Why in News:
- An experiment carried out by the University of Oxford researchers combined high-precision atomic clocks and quantum entanglement, to achieve two atomic clocks that are “entangled.” This means the inherent uncertainty in measuring their frequencies simultaneously is highly reduced.
- While this is a proof-of-concept experiment, it has the potential for use in probing dark matter, precision geodesy and other such applications
- Atomic clock, a type of clock that uses certain resonance frequencies of atoms (usually cesium or rubidium) to keep time with extreme accuracy.
- Atomic clocks are designed to measure the precise length of a second, the base unit of modern timekeeping.
- The second is the duration of 9,192,631,770 periods of the radiation corresponding to the transition between the two hyperfine levels of the ground state of the caesium-133 atom. This definition refers to a caesium atom at rest at a temperature of 0 Kelvin.
- In an atomic clock, the natural oscillations of atoms act like the pendulum in a grandfather clock. However, atomic clocks are far more precise than conventional clocks because atomic oscillations have a much higher frequency and are much more stable.

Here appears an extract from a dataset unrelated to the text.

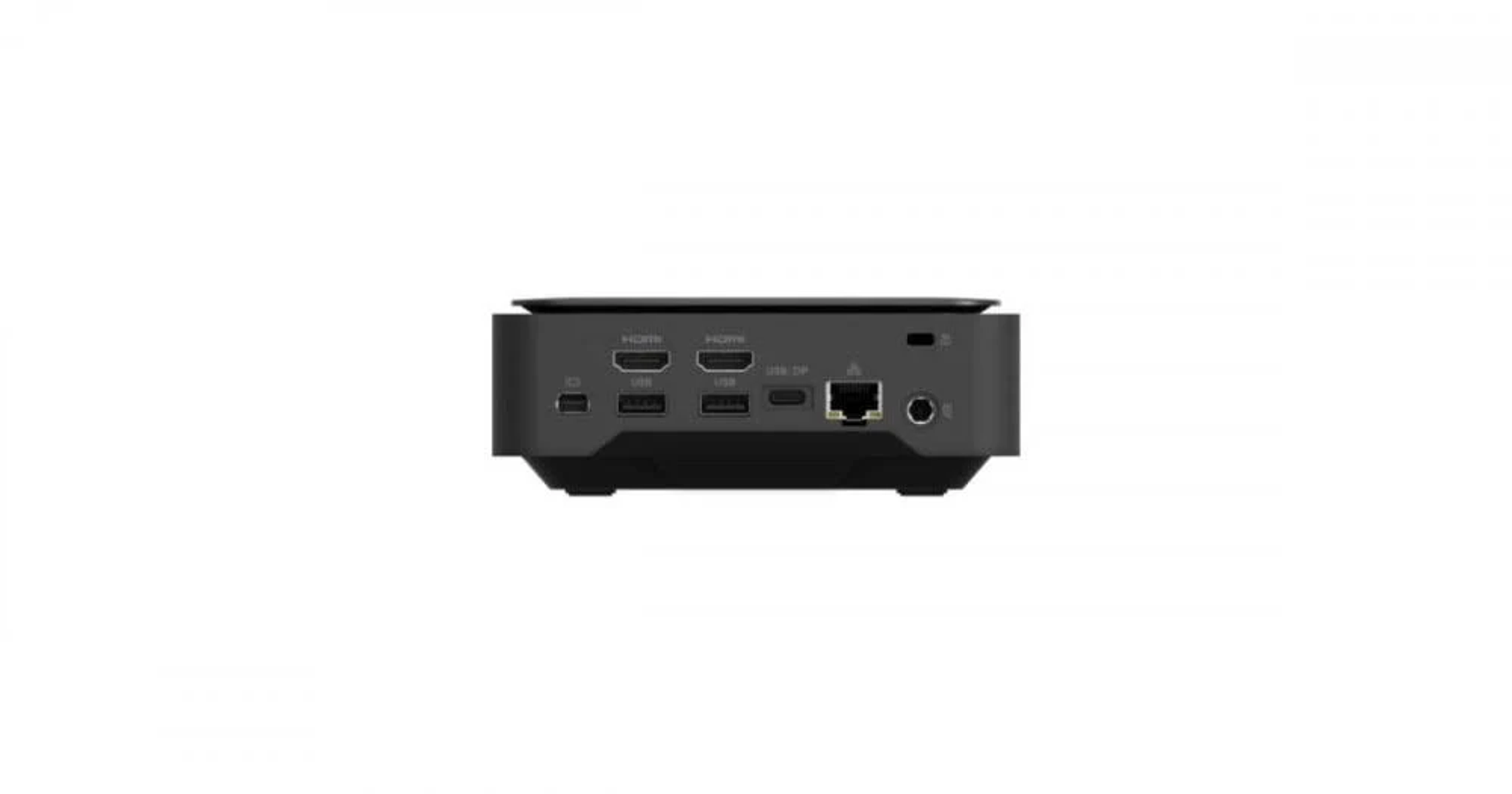 La parte trasera de una pequeña computadora negra con múltiples puertos. Los puertos incluyen HDMI, USB y Ethernet.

- The more mundane uses to which these clocks can be put include accurate time keeping in GPS, or monitoring stuff remotely on Mars.
What is quantum entanglement
- Quantum entanglement is a bizarre, counterintuitive phenomenon that explains how two subatomic particles can be intimately linked to each other even if separated by billions of light-years of space. Despite their vast separation, a change induced in one will affect the other.
- When we look at particles, we usually say that each particle has its own quantum state. Sometimes, two particles can act on one another and become an entangled system. When a pair or group of particles can only be described by the quantum state of the system, and not by individual quantum states, we say the particles are “entangled”.
- Entanglement between particles happens because little particles can push and pull on each other, just like big objects do in terms of gravity.